Arnold Nipper from the German Internet Economy told CityMayors that during the past 12 months Germany had experienced a data stream explosion. Whereas in September 2002 four gigabits per second were registered, 12 months later the peak throughput is ten gigabits per second, he said. The capacity of De-Cix is currently being increased to 16 gigabits per second at a cost of almost one million euro. A second internet exchange is also planned for late 2003.
The huge quantities of data originate from various sources. First, there are the private clients who, thanks to the faster DSL data lines, can receive ever larger amounts of data in a short space of time. Then there are internet services like emails, without which whole branches of industry and business could no longer function. In addition, business clients are benefiting from a number of software developments which were developed during the past two years and whose advantages are only now being felt on the internet.

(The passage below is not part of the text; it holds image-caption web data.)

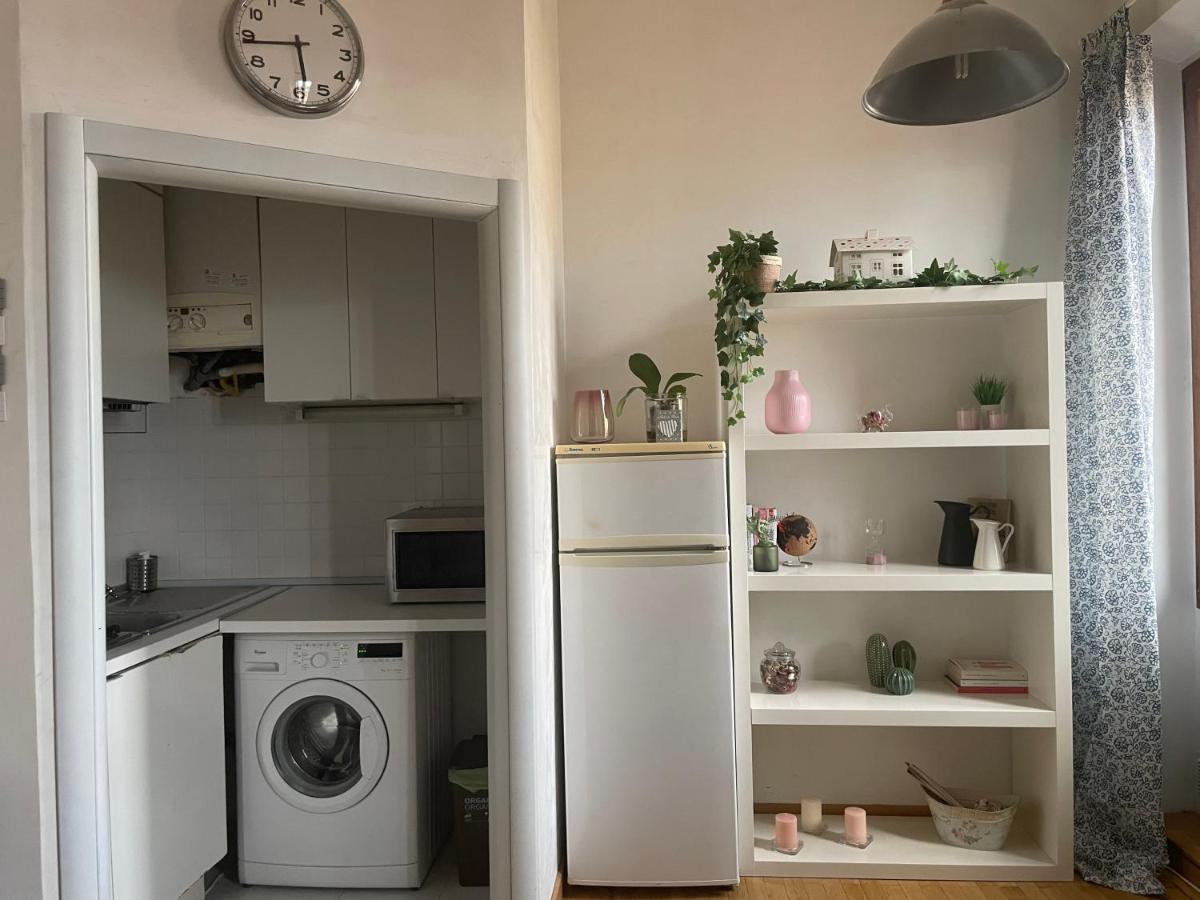 Di Quarto Apartment Florence Luaran gambar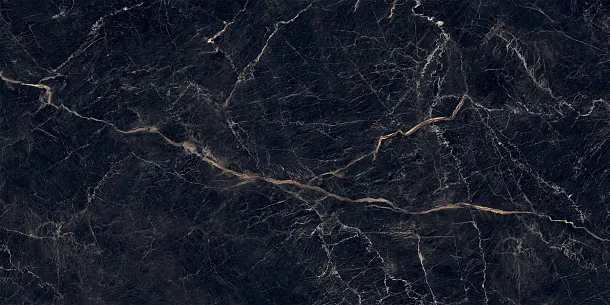 Фото Керамогранит Tubadzin Solei Black MAT STR 119.8x59.8 Польша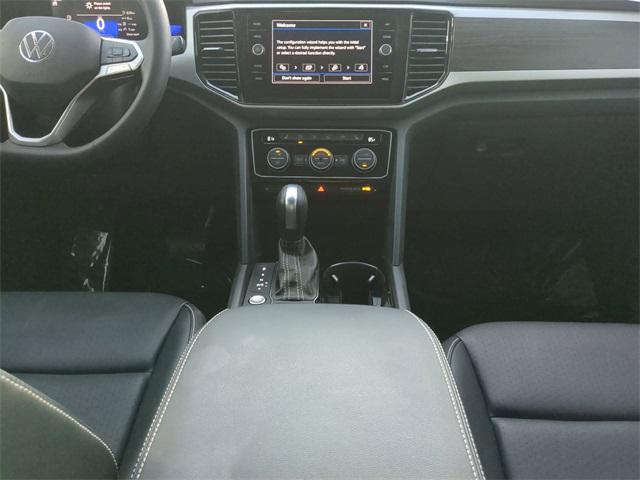 used 2022 Volkswagen Atlas car, priced at $25,575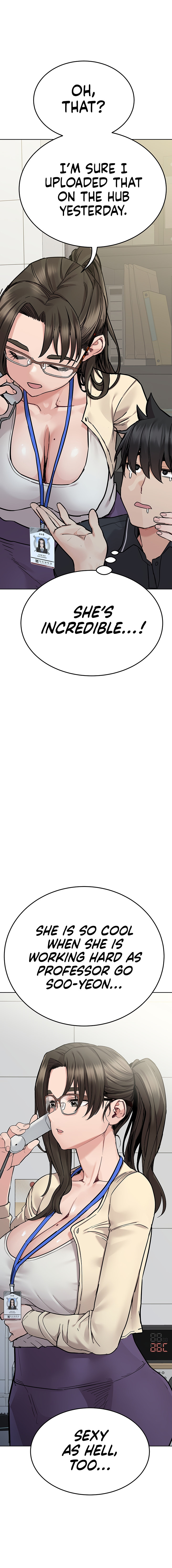 Keep it a Secret from Your Mother! - Chapter 82 Page 22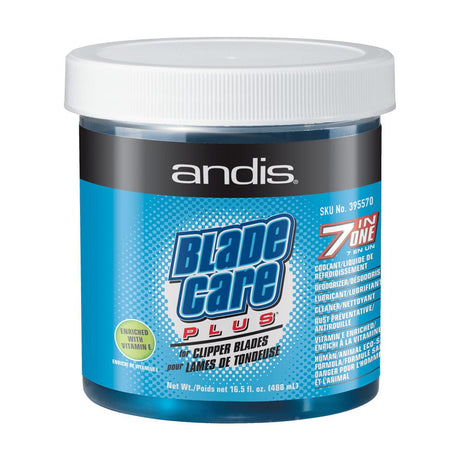 Andis Blade Care Plus Dip Jar - KOOS • alles voor je haar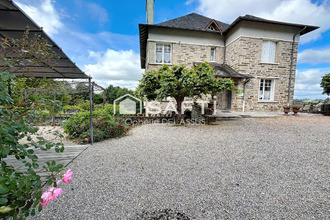 achat maison uzerche 19140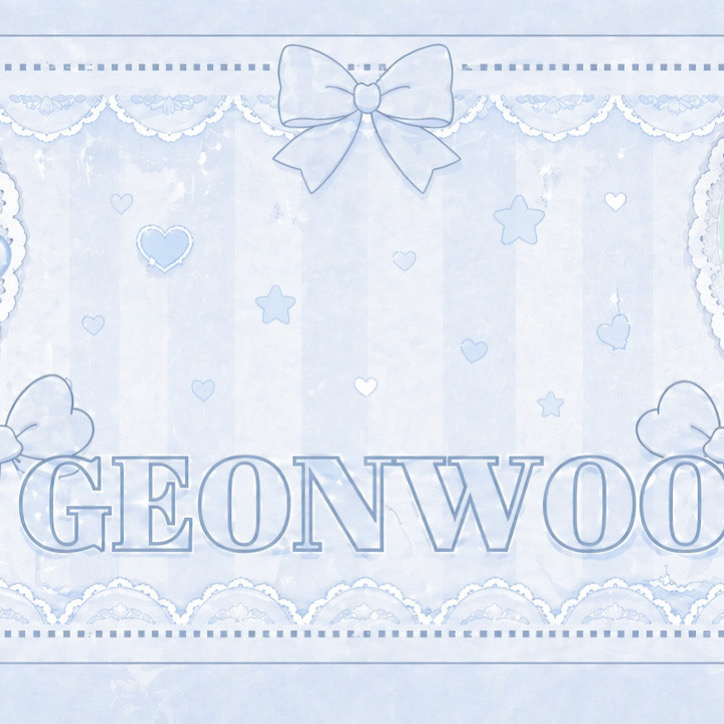 Foto terbaru Kim Geonwoo (ALPHA DRIVE ONE)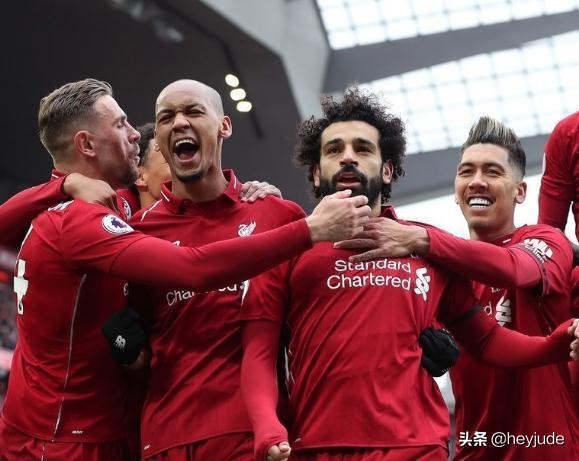 利物浦冲击三冠王2022,英超利物浦冲冠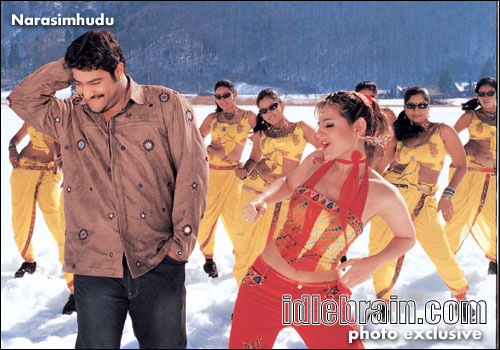 Narasimhudu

Petra Roth, Mayor of Frankfurt/Main and President of the German Association of Cities
Introducing Petra Roth, Mayor of Frankfurt/Main
Petra Roth, born in May 1944, started her political career in 1973 in Frankfurt as a member of the right-of-centre party CDU. In 1977 she was elected to the Frankfurt City Council, where, until 1989, she served as chairman of the sports committee. She became a member of the State Parliament of Hesse in 1987, winning three consecutive elections in her constituency.
In June 1995, she became the first Mayor in Frankfurt to be elected directly; she won by a majority of 51.9 per cent against the former incumbent. She was re-elected in April 2001. Currently she also holds the office of President of the German Association of Cities.